Los Angeles doesn’t strike you as a coffee town like its rainy Pacific Northwest friends Seattle and Portland, or its foggy neighbor San Francisco to the north might. The sun is always shining. The temperature hovers in that 65-75 degree sweet spot seemingly year round. Hence there is no need for a warm-up mocha, right? Who needs the caffeine here?
Well, you need the caffeine, or at least Vin Scully on the radio to entertain during those sluggish commutes on the 405 or the 10.
Let’s be fair though about coffee. Los Angeles deserves world-class baristas and local micro bean roasters just as much as any cold weather or rain-abundant destination. Coffee is as comforting as your favorite blanket and nuanced as intricate Rhône blends. When in capable hands at the espresso machine or drip filters, the morning cup and afternoon pick-me-up can be a transcendent drink, regardless of the climate
Coffee Bean & Tea Leaf and Starbucks can be found anywhere across Southern California. Though Los Angeles might have been a little behind many other pivotal cities for “Third Wave” coffee options, the great metropolis has certainly caught up. Now, you’ll be plenty awake on the freeways after enjoying some of the finest espresso and coffee in the country. Out in the Warehouse-Arts District on the eastern outskirts of Downtown, all sorts of fascinating places to eat and drink are springing up. Wurstkuche and Church & State led the way, with rollicking versions of a German sausage and bier haus, and a French charcuterie-driven bistro, respectively. Now, in this land where every other car along Mateo Street seems to be an 18 wheeler truck, you have destination worthy coffee.
The less than a year old Handsome Coffee Roasters currently is the dashing gentleman of the Los Angeles coffee society. A trio of former Intelligentsia employees, Tyler Wells, Chris Owens, and Michael Phillips are the minds behind Handsome. Phillips was Intelligentsia’s director of education and also is a two time U.S. Barista Champion and the 2010 World Barista Champion.
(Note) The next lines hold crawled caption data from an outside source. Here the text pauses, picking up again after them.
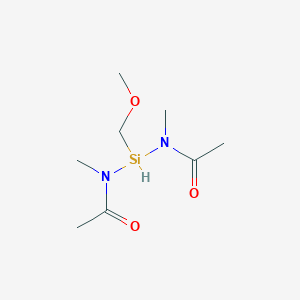 N,N'-((Methoxymethyl)silanediyl)bis(N-methylacetamide)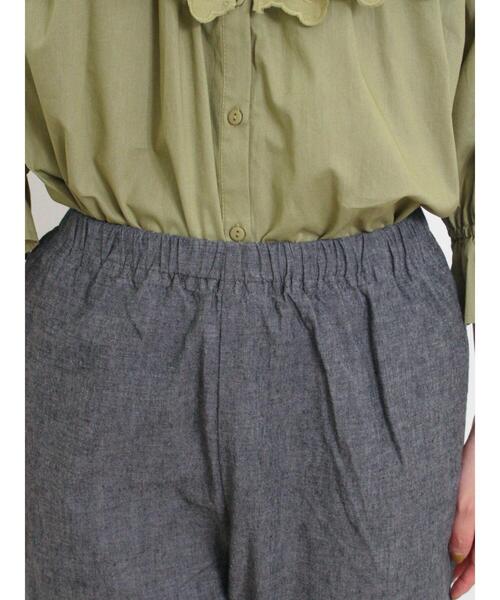 Samansa Mos2（サマンサ モスモス）の「【累計販売枚数19万6千本突破】【Lサイズ WEB限定】【クールコットン/接触冷感】柄アソートテーパードパンツ（その他パンツ・レディース・ブラック/ベージュ/キナリ/チャコールグレー/カーキ・M/L）」の19枚目の写真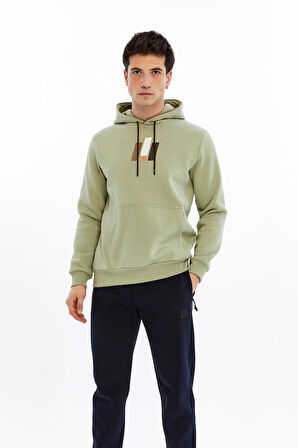 Arma Erkek Kapüşonlu Sweatshirt – Kanguru Cepli, 3 İplik Şardonlu, Regular Fit, %70 Pamuk %30 Polyester K30254628502 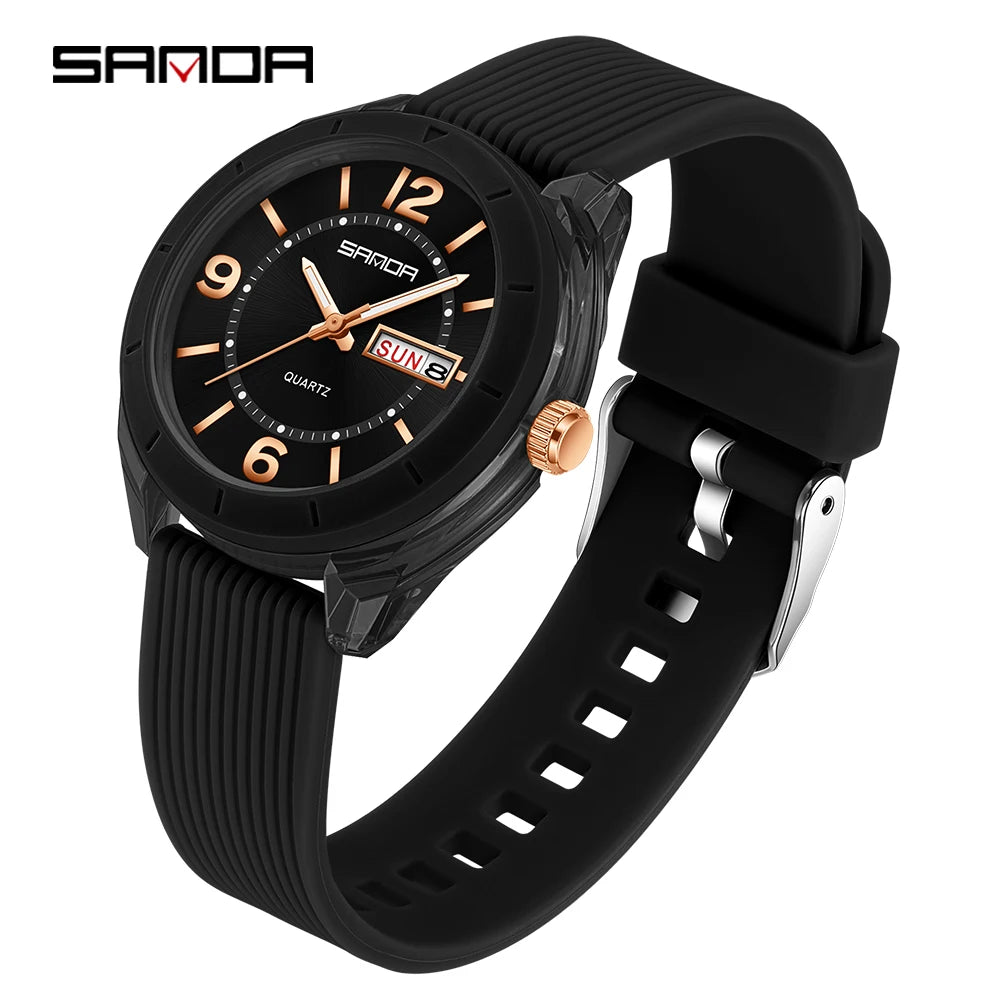 SANDA Women's Quartz Waterproof Luxury Watch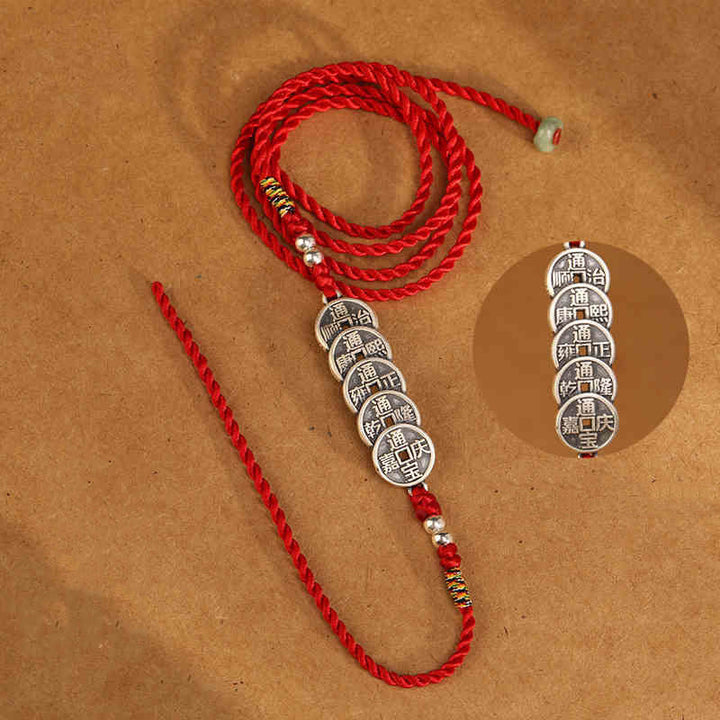 Buddha Stones 999 Sterling Silver Blessing Red String Belly Chain - image 17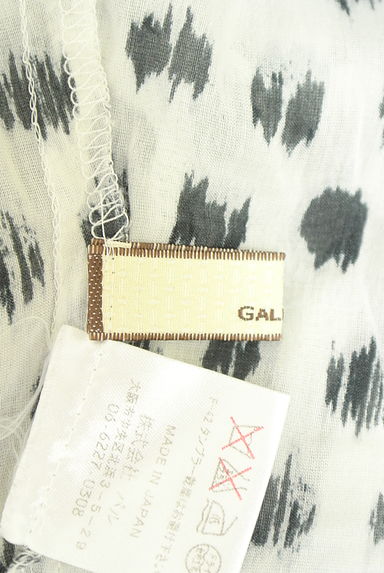 クリックで大画像表示 GALLARDAGALANTE(ガリャルダガランテ)の古着「フレンチスリーブシアーブラウス(カットソー・プルオーバー)」大画像6へ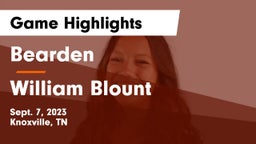 Bearden  vs William Blount  Game Highlights - Sept. 7, 2023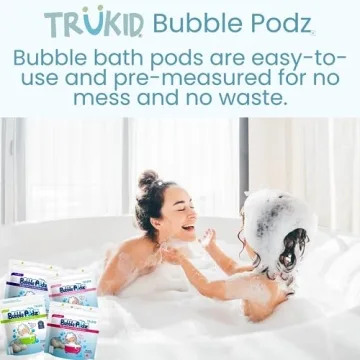 Gentle Unscented Bubble Bath for Sensitive Skin by TruKid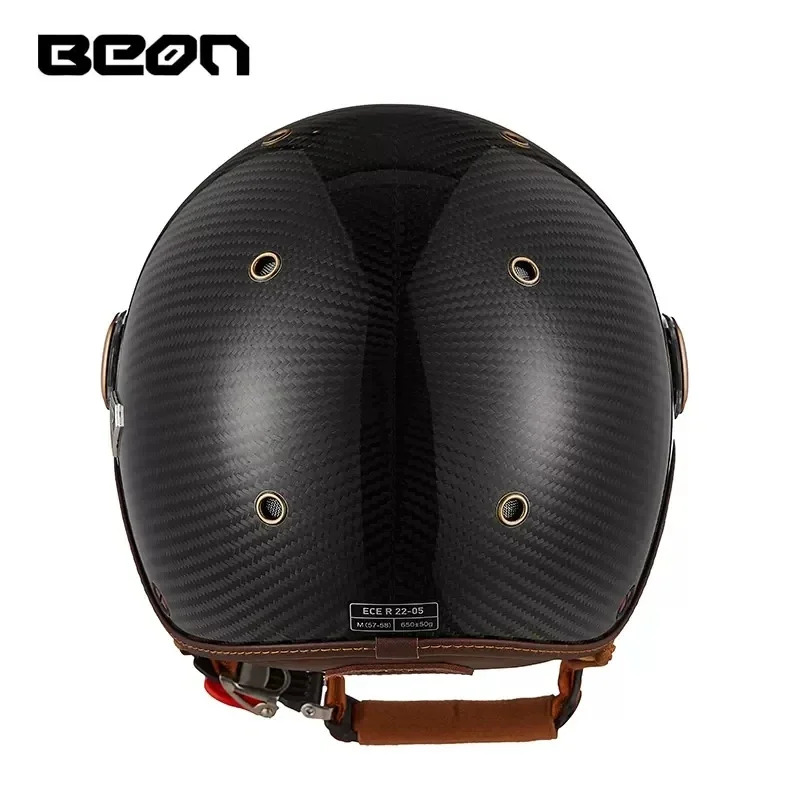 BEON BR13 Ретро полушлем с отк – обзор и цена Vintage Open Face Retro Helmet
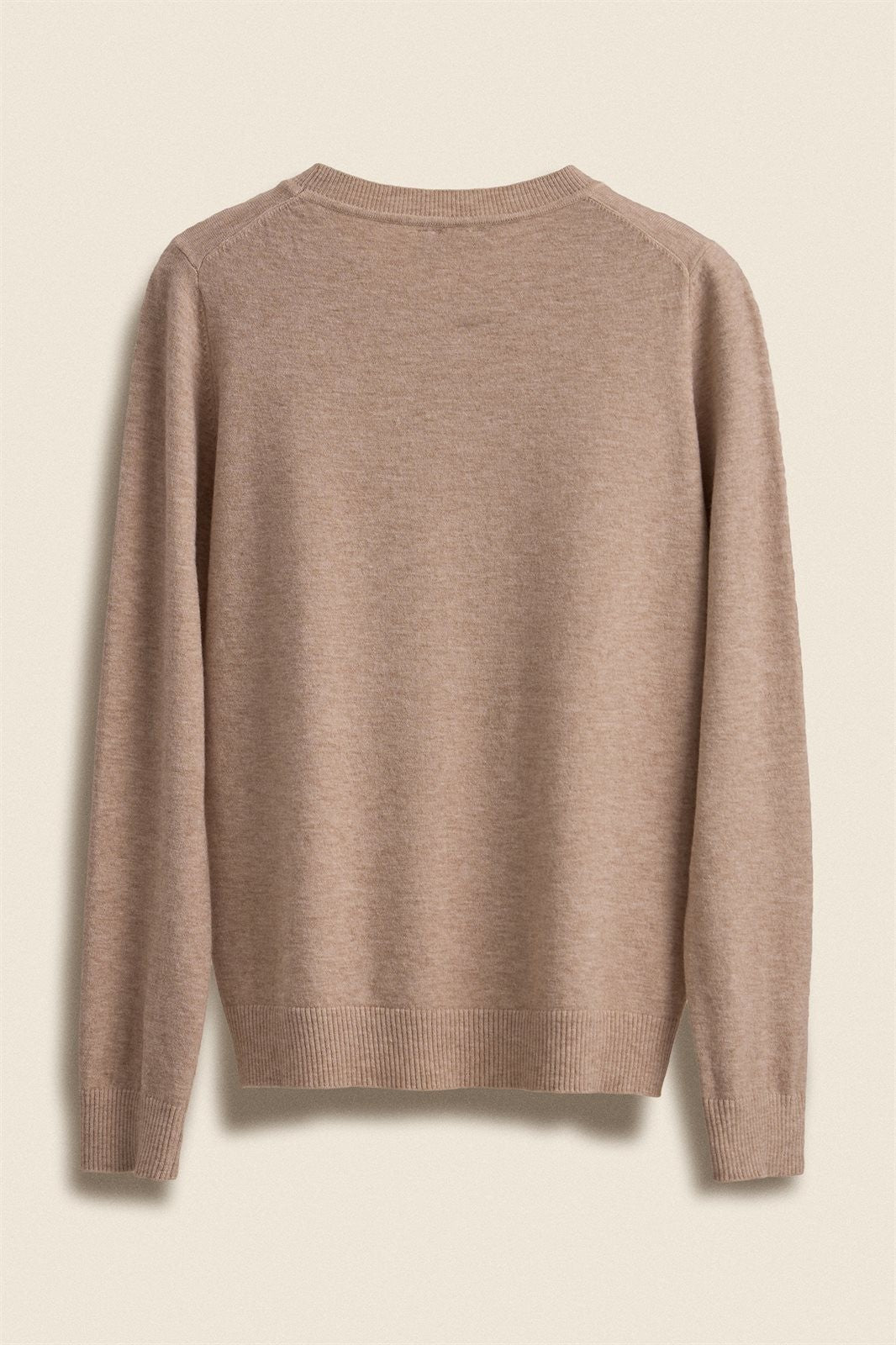Soft Viscose Blend Crewneck Knit Pullover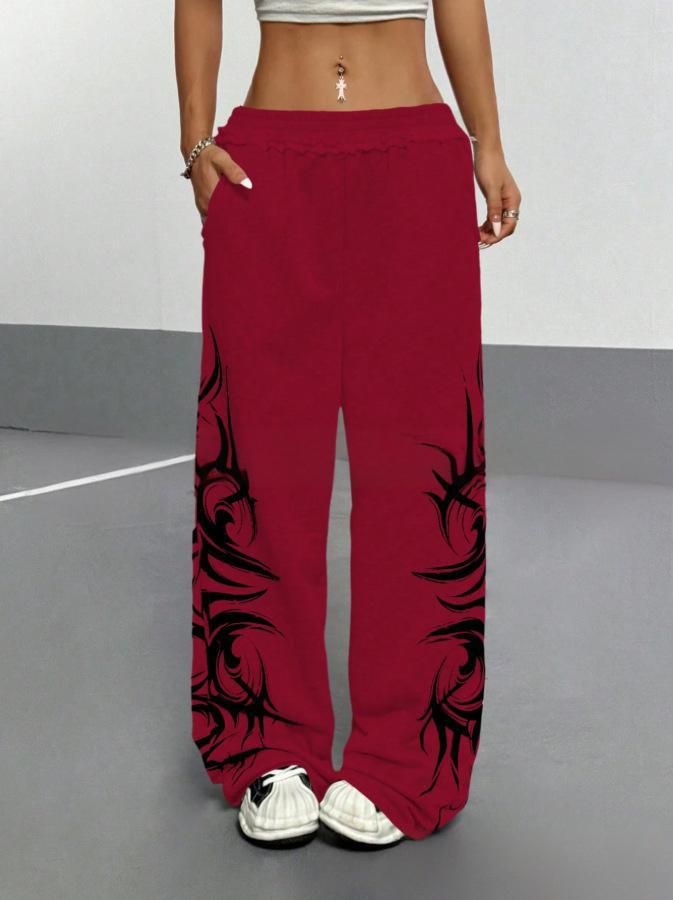 Men's Clothing Retro Hip Hop High Waist Sports Pants Loose Versatile Jazz Dance Pants Casual Trousers_viptrois.com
No big deal. A visit to his domain and you’ll understand how such a concept as a global barista champion can exist. Baristas are both performing artists and athletes.
I visited Handsome in February 2012 when they were conducting a soft opening in the rear of their facility, where the beans are now roasted. Back then the espresso was sensational. It’s possibly even achieved more depth and body since, or at least when the shots are pulled by Phillips. The new bar is a gleaming, sun splashed beauty, with a wrap around counter you can sit at while watching the mixologists, er baristas, at work. It’s quite the captivating show. Almost as captivating as Handsome’s Dapper Espresso blend from Colombia and Guatemala, or their single origin Finca la Bolsa roast currently occupying space on my counter.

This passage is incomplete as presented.